Now take a look at cond_fixed.c and compile it and run it. This implementation has added a lock and a condition variable. Condition variables are always used together with a lock.

First look inside assign where after we have set the variable, we

  • Acquire the lock
  • Set notified to 1
  • Send a signal to the condition variable cv

Think of the bottom two bullets on this list as sending the signal in two different ways, which both turn out to be important.

Inside report, we first acquire the lock and then call wait. When wait is called and no signal has been sent, the thread halts its execution inside the wait function, while releasing the lock. Now, that thread will be nice and idle until it is woken up. When that happens, the lock is automatically acquired again. However, the signal alone is not reliable and spurious wake-ups can occur, so as a fail-safe we must also check if notified has been set. If not, we go back to sleep, which is why the wait function is called inside a loop.

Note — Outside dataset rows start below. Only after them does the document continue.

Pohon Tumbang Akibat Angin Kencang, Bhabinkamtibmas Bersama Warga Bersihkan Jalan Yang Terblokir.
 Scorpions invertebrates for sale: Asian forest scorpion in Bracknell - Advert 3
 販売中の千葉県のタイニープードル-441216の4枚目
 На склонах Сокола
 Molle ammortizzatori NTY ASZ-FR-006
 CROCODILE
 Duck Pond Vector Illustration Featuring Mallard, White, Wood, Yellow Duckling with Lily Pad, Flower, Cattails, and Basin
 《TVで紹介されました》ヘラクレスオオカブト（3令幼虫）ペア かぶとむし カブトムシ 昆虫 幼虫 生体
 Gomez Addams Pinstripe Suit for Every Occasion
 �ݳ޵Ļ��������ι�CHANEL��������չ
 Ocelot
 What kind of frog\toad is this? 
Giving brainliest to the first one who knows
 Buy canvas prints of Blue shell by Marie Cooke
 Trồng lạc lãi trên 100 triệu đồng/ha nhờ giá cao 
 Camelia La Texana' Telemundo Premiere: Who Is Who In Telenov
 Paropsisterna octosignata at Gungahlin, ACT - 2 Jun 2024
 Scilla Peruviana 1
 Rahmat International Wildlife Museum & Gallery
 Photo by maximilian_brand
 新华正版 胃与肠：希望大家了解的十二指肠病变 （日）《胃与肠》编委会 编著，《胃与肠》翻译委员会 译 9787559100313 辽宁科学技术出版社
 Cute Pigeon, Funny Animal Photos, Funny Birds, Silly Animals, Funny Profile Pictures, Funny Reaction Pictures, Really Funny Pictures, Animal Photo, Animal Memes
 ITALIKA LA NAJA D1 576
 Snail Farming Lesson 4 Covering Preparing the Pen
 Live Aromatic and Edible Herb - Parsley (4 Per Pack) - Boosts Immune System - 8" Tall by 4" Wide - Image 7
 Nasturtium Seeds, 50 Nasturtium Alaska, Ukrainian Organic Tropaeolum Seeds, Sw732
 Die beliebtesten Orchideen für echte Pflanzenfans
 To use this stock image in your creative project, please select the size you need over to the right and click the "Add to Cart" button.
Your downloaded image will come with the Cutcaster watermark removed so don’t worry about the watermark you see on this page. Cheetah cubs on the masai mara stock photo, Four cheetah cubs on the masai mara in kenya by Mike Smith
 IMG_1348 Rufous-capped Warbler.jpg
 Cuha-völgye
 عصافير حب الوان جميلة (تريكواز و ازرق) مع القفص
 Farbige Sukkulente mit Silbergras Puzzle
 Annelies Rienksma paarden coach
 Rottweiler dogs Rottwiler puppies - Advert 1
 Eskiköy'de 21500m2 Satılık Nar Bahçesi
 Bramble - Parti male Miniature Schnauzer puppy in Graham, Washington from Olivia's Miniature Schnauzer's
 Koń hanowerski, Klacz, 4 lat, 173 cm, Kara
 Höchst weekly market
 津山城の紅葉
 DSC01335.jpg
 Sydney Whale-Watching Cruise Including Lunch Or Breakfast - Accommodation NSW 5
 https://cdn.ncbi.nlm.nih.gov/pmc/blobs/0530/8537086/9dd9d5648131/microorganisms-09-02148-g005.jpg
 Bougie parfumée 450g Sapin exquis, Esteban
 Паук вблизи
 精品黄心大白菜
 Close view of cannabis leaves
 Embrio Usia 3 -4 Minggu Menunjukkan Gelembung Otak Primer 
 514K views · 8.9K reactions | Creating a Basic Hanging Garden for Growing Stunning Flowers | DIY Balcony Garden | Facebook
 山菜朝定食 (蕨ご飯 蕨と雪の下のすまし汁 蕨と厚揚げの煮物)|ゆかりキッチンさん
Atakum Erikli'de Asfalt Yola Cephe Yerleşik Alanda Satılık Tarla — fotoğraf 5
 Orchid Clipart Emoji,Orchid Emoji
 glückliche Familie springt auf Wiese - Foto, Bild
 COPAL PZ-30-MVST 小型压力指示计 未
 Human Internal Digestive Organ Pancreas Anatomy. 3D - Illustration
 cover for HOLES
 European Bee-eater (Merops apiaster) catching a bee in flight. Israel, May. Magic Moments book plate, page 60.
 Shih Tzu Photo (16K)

Once we are out of the loop, the lock has been acquired so we need to release it. This sequence of events can be confusing, so make sure you understand it. Your TA loves to chat about these things, so feel free to talk it out with him.

Producer-consumer problem

You should now have all the tools needed to fix an instance of the producer-consumer problem. Simply put, one thread is producing goods and another thread is consuming goods and in between the goods are put on a stack or a queue. We want the consumer thread to wait using a condition variable, and we want adding produced goods to be mutually exclusive to consuming produced goods, so that our data doesn't get corrupted. We are letting products++ and products-- be surrogates for pushing and popping goods onto a queue/stack. For each product that gets consumed, we increment a book variable. When all products have been consumed, the book value should be 500. If not, the push/pop operations were not mutually exclusive and corrupted each other. Run the code as it is, and you will see that the net value is way off. Make sure you understand why.

// File: lab4/pc.c
#include <stdio.h>
#include <stdlib.h>
#include <pthread.h>
#include <unistd.h>

pthread_cond_t cv;
pthread_mutex_t lock;

int products = 0;
int book = 0;
int done = 0;
int notified = 0;
int overhead = 0;

void *produce(void *param) {
    for (int i = 0; i < 500; i++) {
        // Producing
        products++;

        if (i == 250) {
            sleep(1);
        }
    }

    done = 1;
    pthread_exit(NULL);
}

void *consume(void *param) {
    while (!done || products > 0) {

        while (products > 0) {
            // Consuming
            products--;

            // Book keeping of consumptions
            book++;
        }

        overhead++;
    }

    pthread_exit(NULL);
}

int main() {
    pthread_t producer, consumer;

    pthread_mutex_init(&lock, NULL);
    pthread_cond_init(&cv, NULL);

    pthread_create(&producer, NULL, produce, NULL);
    pthread_create(&consumer, NULL, consume, NULL);

    pthread_join(producer, NULL);
    pthread_join(consumer, NULL);

    pthread_mutex_destroy(&lock);
    pthread_cond_destroy(&cv);

    printf("%d (overhead %d)\n", book, overhead);

    pthread_exit(NULL);
}

Exercise

  • Fix this problem by using a lock and a condition variable. As a start, you can begin by putting mutexes in place, to get the right results but poor overhead. You do not need a notified variable and can instead check if there are products to consume.

Don't expect the fix to be trivial, and feel free to ask your TA for help. Just wrapping all access to the shared memory in lock-unlock blocks can fix this problem, but remember that we don't want the consumer loop to run amok, taking up resources, so a condition variable is ideal. To check for this, we have added a counter in the consumption loop and a small sleep in the middle of the production. This should cause the overhead loop to run many times, giving us a huge value. A correct solution should have an overhead value in the hundreds.